Passwords are the bane of modern tech – not only are good ones hard to come up with, but they also have to be constantly changed, could be the targets of phishing attacks and have ridiculous rules about letters, characters and numbers that are impossible to remember. This is why most people use simple, easy-to-recall passwords, or recycle the same old ones for several different accounts – as this report from security firm Kaspersky claimed 1 in 7 people do.
Google wants to end that. This week they rolled out trials for a new log-in system that does away with passwords entirely. Instead, you can log in securely to your Google account – including Gmail, YouTube etc. – just by tapping “Yes” on your iOS or Android smartphone.
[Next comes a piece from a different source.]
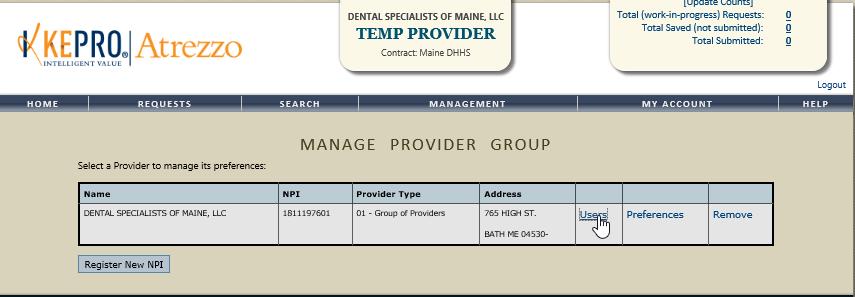 1. Select Manage Providers and Preferences. 2. Select the Users link associated with the appropriate NPI number. 3. A list of users associated with the selected NPI number displays.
Google has confirmed that now it’s in testing a new way to sign into your Google account without having to type in a password. Instead, those who have been invited to try this new method of logging in authenticate by responding to a notification sent to their smartphone. The idea is similar to Yahoo’s recently launched “Account Key,” which also offers a password-free means of signing in involving a push notification sent to your phone that then opens an app where you approve the log-in.
Passwords are often the weakest parts when it comes to securing users’ accounts, as many don’t use complex passwords or they reuse the same password across services. Two-factor authentication – like using a USB stick with a secret token or entering in a code sent via text method to your phone – can help to increase security, but many users also find this to be a hassle as it introduces an additional step to the login process.
This new password-free login option, on the other hand, is about speeding up logins by offering a different way of signing in altogether. You only have to enter your email address when you’re signing into your Google account. Afterward, a notification will appear on your phone asking you if you’re trying to sign in from another device. Approve the login by tapping “yes,” and you’re in.
This would be especially useful for those who always have their phone nearby while using Google services on other devices, like their computer, as well as those who have long and complicated passwords that are difficult to type.
It could also help to protect against phishing – something that Google addresses today through its Password Alert tool, too.
The test was first reported by a Reddit user, which was then spotted by the blog Android Police. According to user, he was sent an email invitation to join a test group being given access to try the new technology on their own devices.
The group is called “Sign-In Experiments at Google,” and is found here on Google Groups. While the link to the group is public, you can’t view or participate without a direct invitation.
A Google spokesperson said: “We’ve invited a small group of users to help test a new way to sign-in to their Google accounts, no password required. ‘Pizza’, ‘password’ and ‘123456’—your days are numbered.”
Reported on Reddit by user, the process is straightforward. Here’s how it worked, according to user:
- First, set up your phone to act as a sign-in authenticator (it needs to have a screen lock which is how it is encrypted)
- Go to a Google log-in screen on your computer and put in your email
- Unlock your smartphone, and just tap ‘Yes’ on the Google notification asking if you’re trying to sign in
If your phone is lost or stolen, you can sign in to your account using your regular password, and un-authorise the stolen phone from signing in.
Currently, Google offers 2-factor authentication, which involves putting in your password, as well as a numerical code that appears as a text or in an app on your phone. This new method would save the effort of putting in the code, but would be equally as secure.
This isn’t the first security or phishing-protection mechanism that Google has implemented.
This year, it introduced Password Alert which is a simple Chrome extension that will show you a warning if you type your Google password into a site that isn’t a Google sign-in page.
It has also tested “on-body detection” in its Android 5.1 version which only locks when the phone has been put down, but remains unlocked if you’ve got it in your hand – measured by the phone’s accelerometers.
Google said it could not comment on when the feature might be rolled out more widely.